Sie hätten auch einer Partei beitreten können. 

Hypothetisch ja. Praktisch nein. Ich würde mich zwar nicht als Rebellin bezeichnen, aber ich habe sicher eine rebellische Ader – und es ist mir wichtig, mir meine eigene Meinung zu bilden und diese auch – ohne Rücksicht auf ein Parteiprogramm – vertreten zu können.  In der PU AR muss ich mir nie Gedanken machen, ob ich die Parteimeinung vertreten will oder ob ich es mir überhaupt erlauben dürfte, gegen eine Parteiparole zu stimmen. In der PU AR darf ich, was ich will. 

 

Mit welchen drei Wörtern würden Sie die PU AR beschreiben?

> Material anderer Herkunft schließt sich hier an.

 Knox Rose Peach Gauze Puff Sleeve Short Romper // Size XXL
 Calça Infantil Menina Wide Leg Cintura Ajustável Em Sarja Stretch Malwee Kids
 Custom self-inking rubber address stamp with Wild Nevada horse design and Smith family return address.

Jeder und jede darf und muss selbständig denken und handeln. Die PU AR ist vielfältig und farbig – und dass es nun mehr als drei Wörter sind, zeugt von der geforderten Selbständigkeit.

 

Sie sind – obwohl nicht mehr in einem politischen Amt – noch immer Mitglied der PU AR. Weshalb? 

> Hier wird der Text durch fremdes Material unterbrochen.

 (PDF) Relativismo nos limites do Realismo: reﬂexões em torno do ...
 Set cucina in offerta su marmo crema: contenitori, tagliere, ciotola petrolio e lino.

Unser Verein lebt auch von Mitgliedern, die nicht oder nicht mehr in einem politischen Amt sind. Denn politische einbringen können sich alle, die sich für unseren Kanton interessieren. Für mich ist klar: Ich will weiterhin unterstützen und informiert sein.

 

Noch eine letzte Frage: Was wünschen Sie sich für die Zukunft des Kantons?

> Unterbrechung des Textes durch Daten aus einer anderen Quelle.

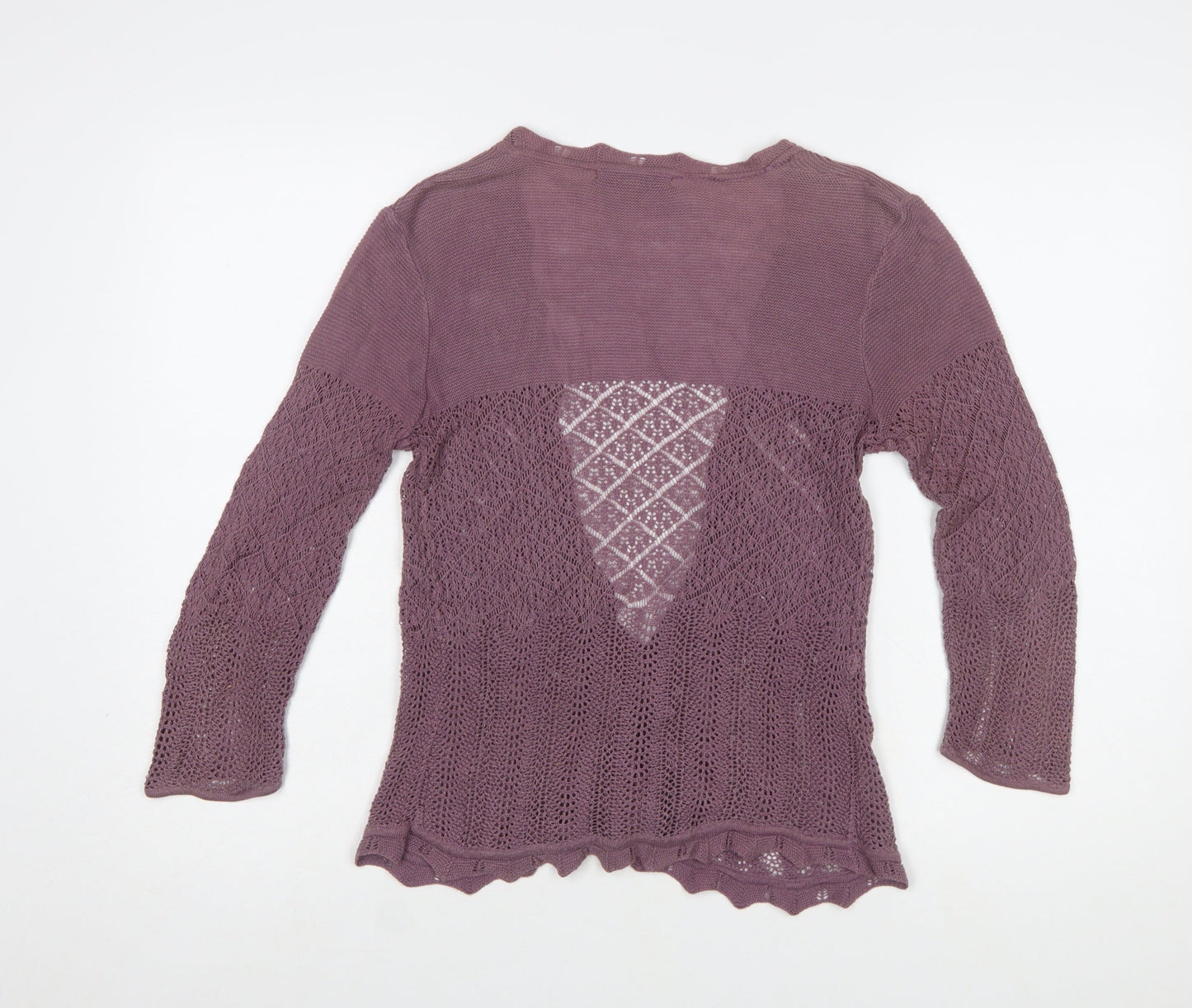 Laura Ashley Women Purple Open Knit Cardigan UK 10
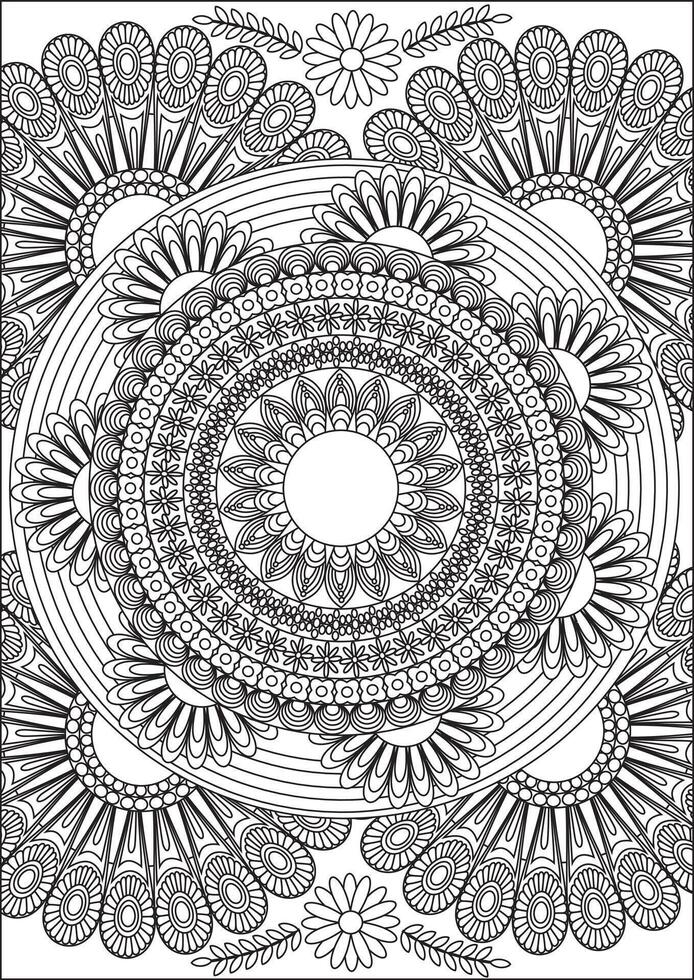 Mandala Coloring Pages For Adult Line Art vector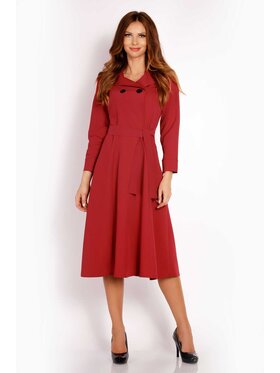 Awama Awama Sukienka koktajlowa L016 Bordowy Basic Fit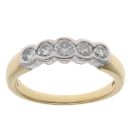 18ct Yellow Gold 0.50ct Brilliant Cut Diamond Five Stone Ring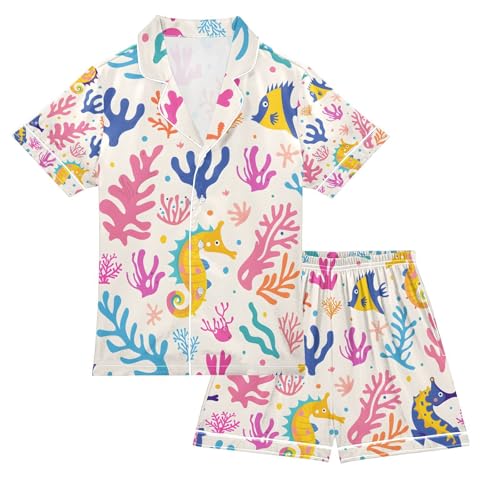 senya Colorful Funny Seahorses Satin Summer Pajama Sets Silk Short Sleeve Button Down Sleepwear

Mehr Selbstbewusstsein! Wir sollten uns unserer Stärken bewusst sein und uns nicht «vorauseilend gehorsam» verhalten, wie wir dies manchmal tun. Mit der Landgemeinde, der Kantonalbank haben wir scheinbar viel von unserem Selbstbewusstsein verloren. Ich finde, wir sollten aufhören, diesen Verlusten untätig nachzutrauern - entweder abhaken oder dann aktiv werden und es ändern.